Records supplied
◇ ◇ ◇ ◇
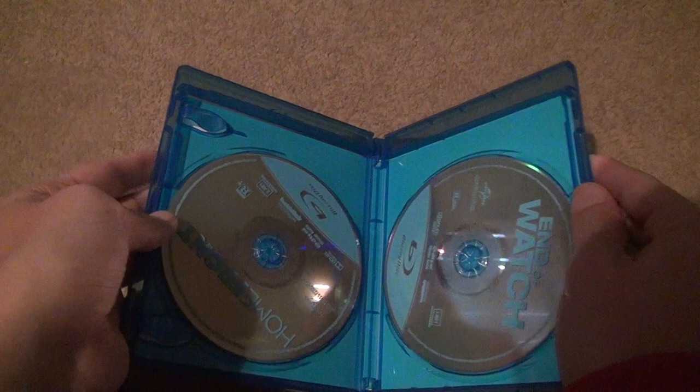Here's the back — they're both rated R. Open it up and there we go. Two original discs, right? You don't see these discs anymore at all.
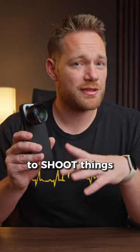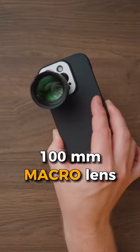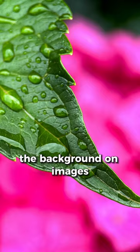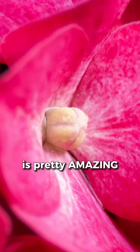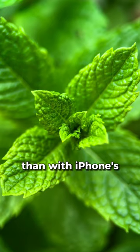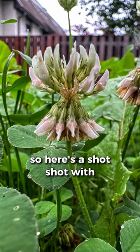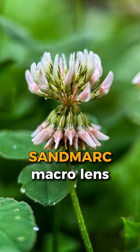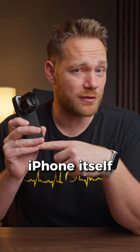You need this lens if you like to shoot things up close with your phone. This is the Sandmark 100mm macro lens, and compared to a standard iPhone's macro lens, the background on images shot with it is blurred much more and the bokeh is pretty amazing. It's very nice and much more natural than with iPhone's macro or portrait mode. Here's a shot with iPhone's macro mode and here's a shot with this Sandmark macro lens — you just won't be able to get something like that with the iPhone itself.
◇ ◇ ◇ ◇
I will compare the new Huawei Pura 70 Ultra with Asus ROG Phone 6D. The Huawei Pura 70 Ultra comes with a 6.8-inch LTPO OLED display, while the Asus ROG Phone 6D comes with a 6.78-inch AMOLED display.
◇ ◇ ◇ ◇
Pictures excluded, give again exactly and only the lines of the material above from the line with "Here's the back" through the line with "You need this".

Here's the back — they're both rated R. Open it up and there we go. Two original discs, right? You don't see these discs anymore at all.
You need this lens if you like to shoot things up close with your phone. This is the Sandmark 100mm macro lens, and compared to a standard iPhone's macro lens, the background on images shot with it is blurred much more and the bokeh is pretty amazing. It's very nice and much more natural than with iPhone's macro or portrait mode. Here's a shot with iPhone's macro mode and here's a shot with this Sandmark macro lens — you just won't be able to get something like that with the iPhone itself.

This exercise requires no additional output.